Studies of Indian forests as part of the national forest carbon balance (Ravindranath et al., 1997; Haripriya, 2000; Chhabra and Dadhwal, 2004; Manhas et al., 2006; and Kaul et al., 2009) have examined strata and state/regional forest area changes. Their results range from the finding that the forests are a major source to the finding that they are a sink for atmospheric carbon. Using a simple book keeping approach, Chhabra and Dadhwal (2004) estimated that the cumulative net carbon flux from Indian forests (1880–1996) due to land use changes (deforestation, afforestation and phytomass degradation) was 5.4 Pg C with the mean annual net C flux as 9.0 Tg (1 Tg = Tera gram, 1012 g) C yr−1. Kaul et al., (2009) indicated that the Indian forest sector acted as a small source of carbon during the period 1982–1992 with the annual net C flux due to land use changes estimated as 5.65 Tg C yr-1. For India, a marginal net sequestration of 5 Tg C for the reference year 1986 and of 1.09 Tg C for 2002 has been estimated by Ravindranath et al., (1997) and Kaul et al., (2009) respectively. The mitigation potential of the forestry sector, based on a biomass demand based scenario, using short or long-term commercial forestry option is estimated to be 122 Tg C for the period 2000-2012.
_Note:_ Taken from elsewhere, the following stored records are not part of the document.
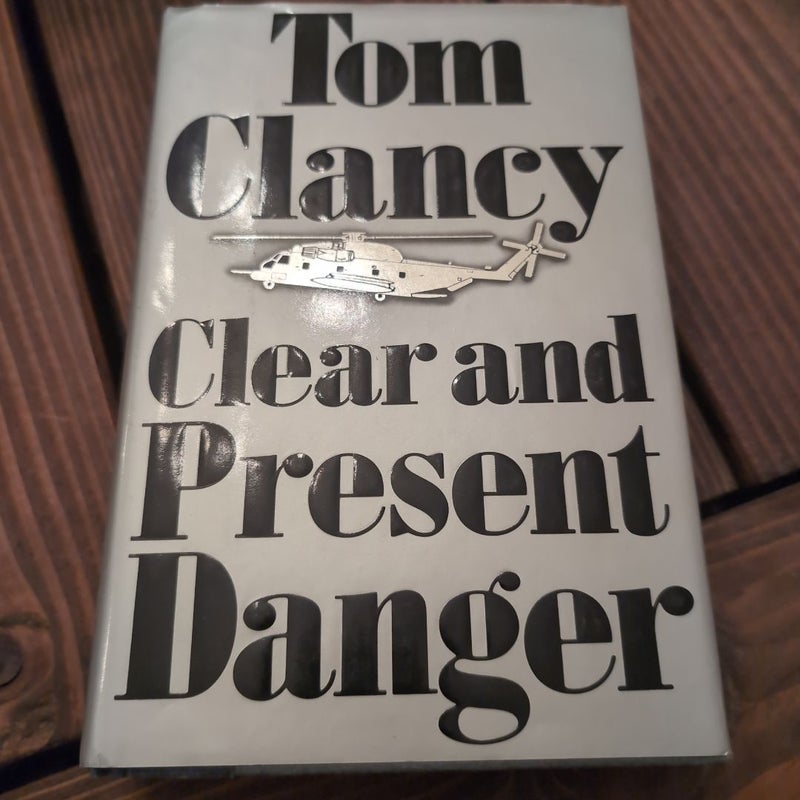 Clear and Present Danger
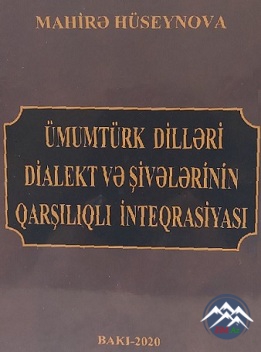 Ümumtürk dilləri dialekt və şivələrinin tədqiqində Mahirə Hüseynovanın rolu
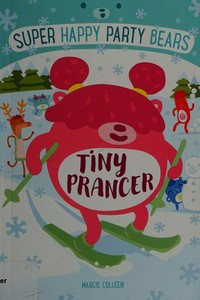 Tiny Prancer / Marcie Colleen ; [illustrations] by Steve James.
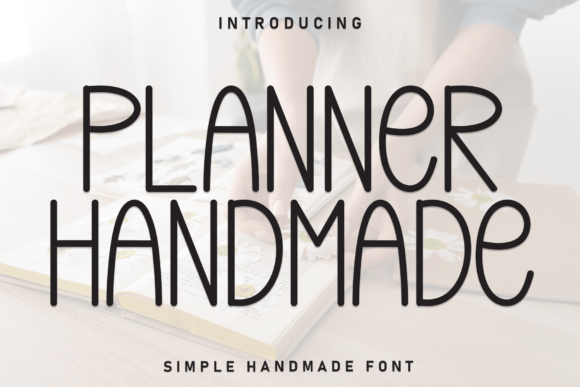 Planner Handmade: The Perfect Typeface for Editorial Design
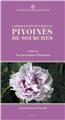 COMMENT DECOUVRIR LES PIVOINES DE SOURCHES TOME 3 : LES PÉONISTES FRANÇAIS COMMENT DECOUVRIR LES PIVOINES DE SOURCHES TOME 3 : LES PÉONISTES FRANÇAIS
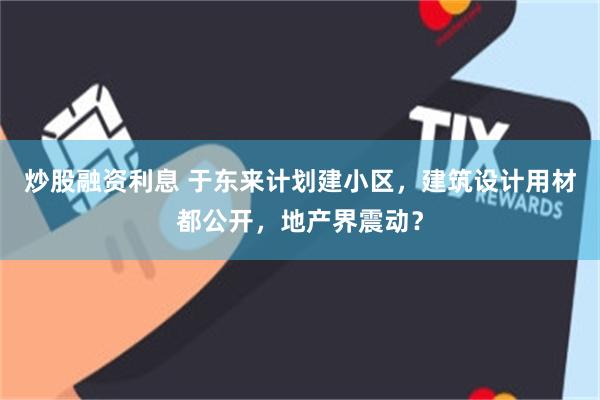炒股融资利息 于东来计划建小区,建筑设计用材都公开,地产界震动?
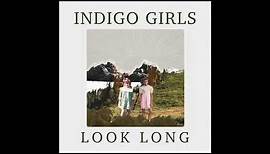 Indigo Girls - Look Long (Official Audio)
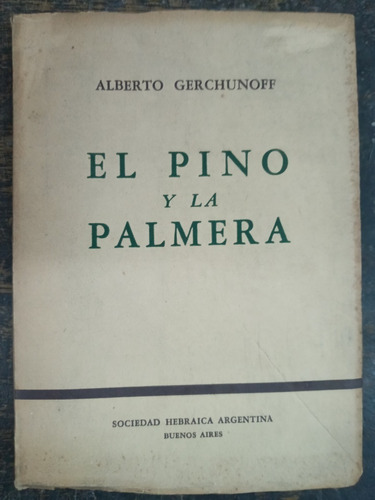 El Pino Y La Palmera * Alberto Gerchunoff * Hebraica 1952 *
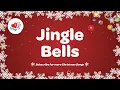 Jingle Bells with Lyrics Christmas Song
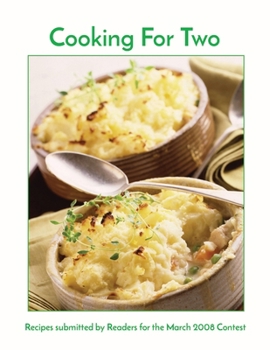 Paperback Cooking For Two: Recipes submitted by Readers for the March 2008 Contest Book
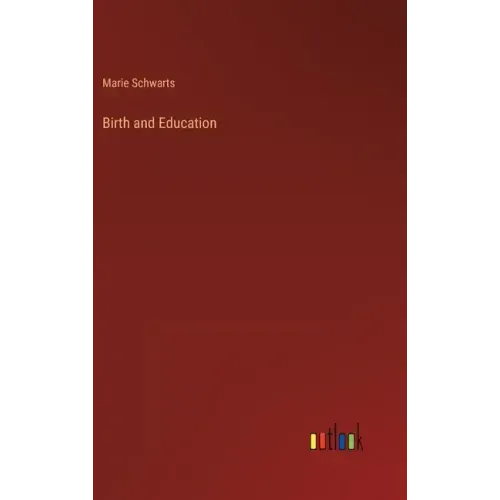 Birth and Education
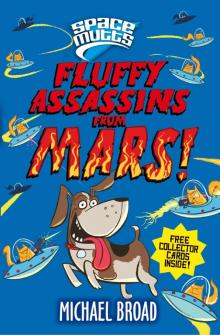 Fluffy Assassins from Mars! Read online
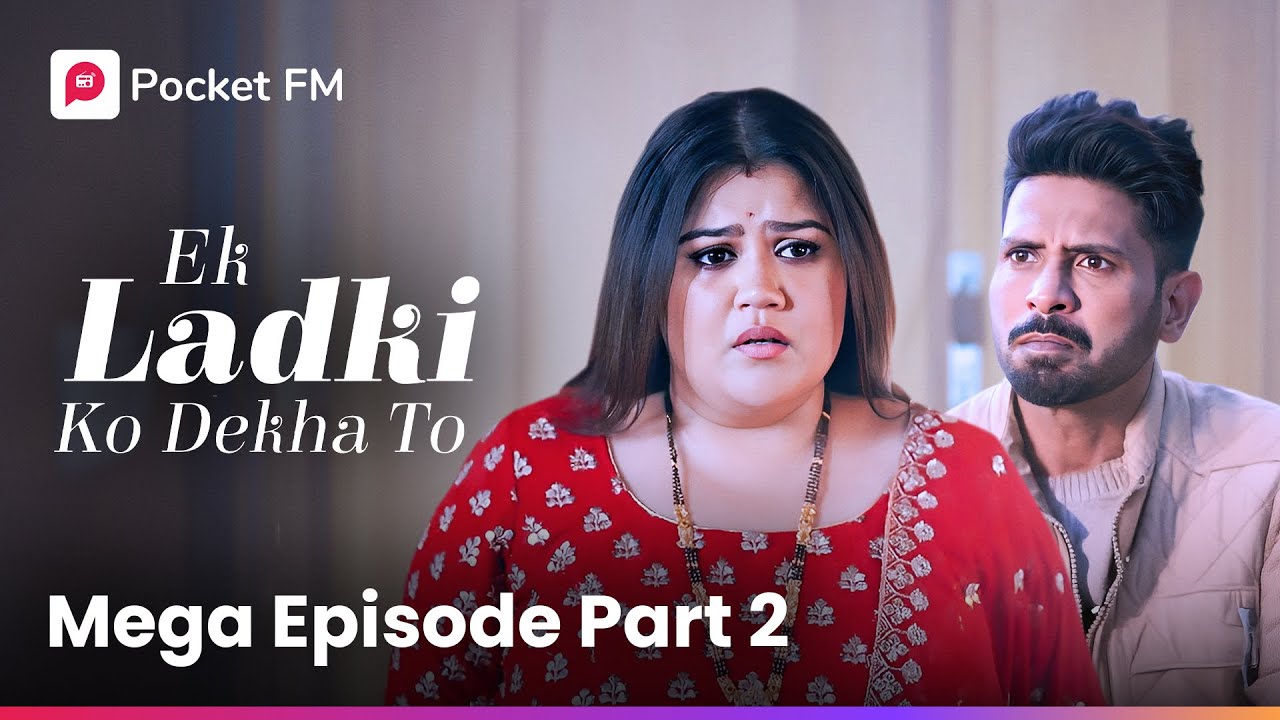 Mega Episode Part 2 | Ek Ladki Ko Dekha To 💖 | Pocket FM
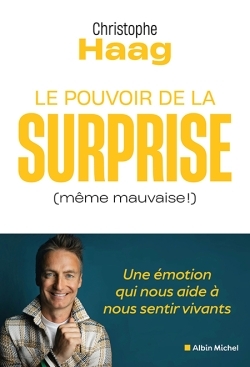 POUVOIR DE LA SURPRISE (MEME MAUVAISE !) - UNE EMOTION QUI NOUS AIDE A NOUS SENTIR VIVANTS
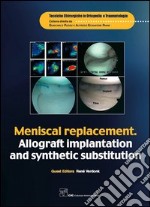 Meniscal replacement. Allograft implantation and synthetic substitution. E-book. Formato PDF ebook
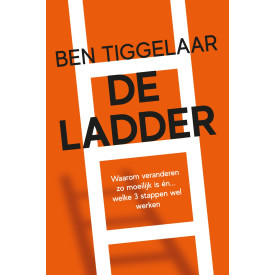 De Ladder: Waarom veranderen zo moeilijk is én... welke 3 stappen wel werken (Dutch Edition)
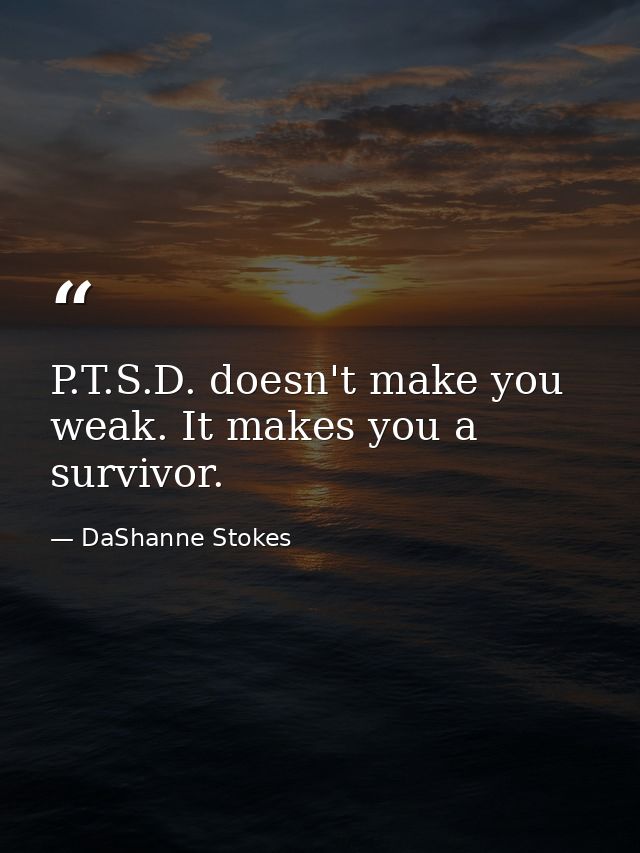 P.T.S.D. doesn't make you weak. It makes you a survivor. — DaShanne Stokes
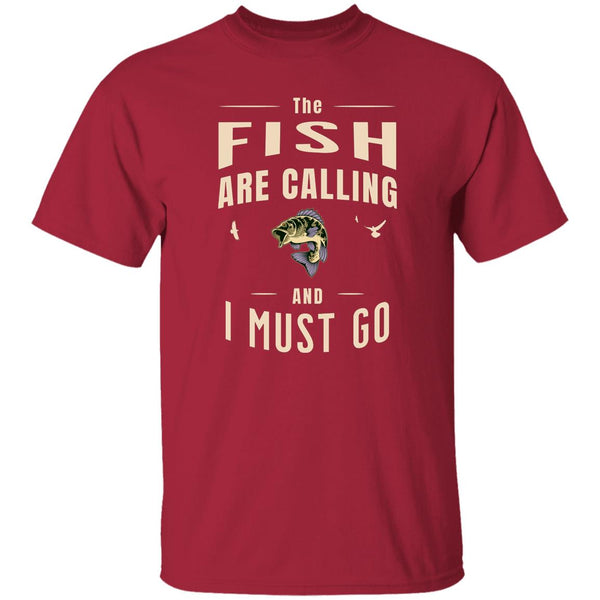 The fish are calling and i must go k t-shirt cardinal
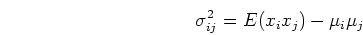 \begin{displaymath}\sigma_{ij}^2=E(x_ix_j)-\mu_i\mu_j \end{displaymath}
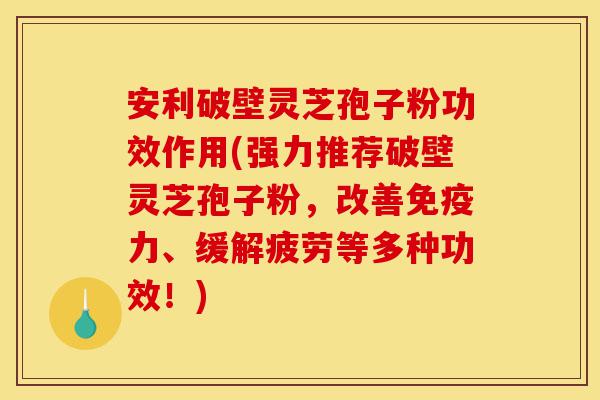安利破壁灵芝孢子粉功效作用(强力推荐破壁灵芝孢子粉,改善免疫力、缓解疲劳等多种功效!)-第1张图片-灵芝之家 安利破壁灵芝孢子粉功效作用(强力推荐破壁灵芝孢子粉,改善免疫力、缓解疲劳等多种功效!)-第1张图片-灵芝之家
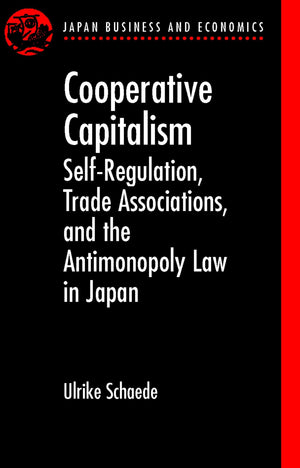 Cooperative Capitalism: SelfRegulation, Trade Associations, and the Antimonopoly Law in Japan (Japan Business and Economics Ser,Used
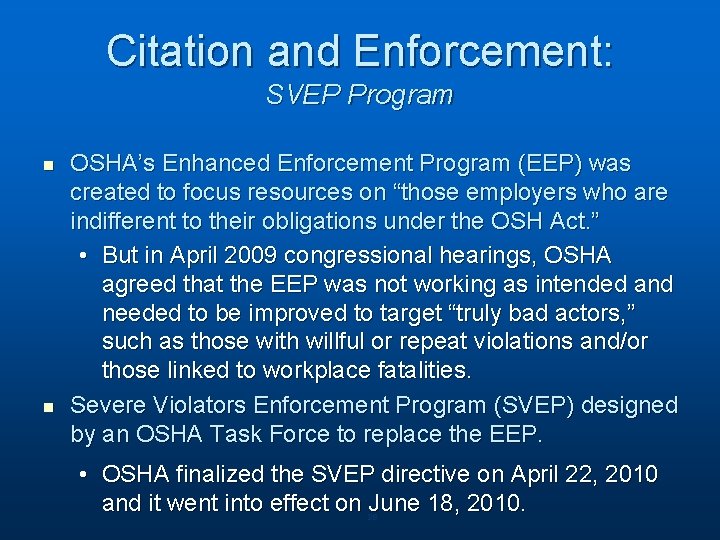 Citation and Enforcement: SVEP Program n n OSHA’s Enhanced Enforcement Program (EEP) was created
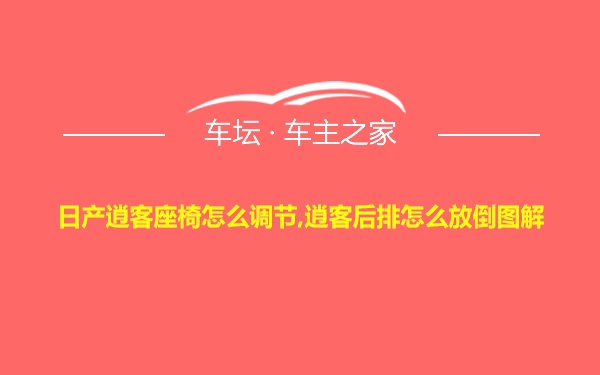 日产逍客座椅怎么调节,逍客后排怎么放倒图解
Weathering of rocks into soil is a another major sink for carbon dioxide as carbon dioxide is combined into soil carbonates when sufficient moisture is present. Thus, the ability of soil formation to act as a carbon sink depends a great deal on the presence of vegetation.

Soil organic carbon (SOC) also plays a very significant role in the global carbon cycle, as it is the largest terrestrial carbon pool. Soil can be a source (CO2, CH4 and N2O) or sink (CO2 and CH4) of greenhouse gases depending on land use and management (Lal and Singh,2000). The total SOC pools in Indian forests have been estimated as 4.13 Pg C (top 50 cm) to 6.81 Pg C (top 1 m soil depths) for the period 1980-1982 (Chhabra et al., 2002). Based on the national and regional soil carbon densities, Indian forest SOC pool estimates are in the range 6.7 to 9.8 Pg C (Jha et al., 2003). Based on different forest types in India, the national average of soil organic carbon per ha in forest soil was estimated as 183 Mg C ha-1 (Jha et al., 2003).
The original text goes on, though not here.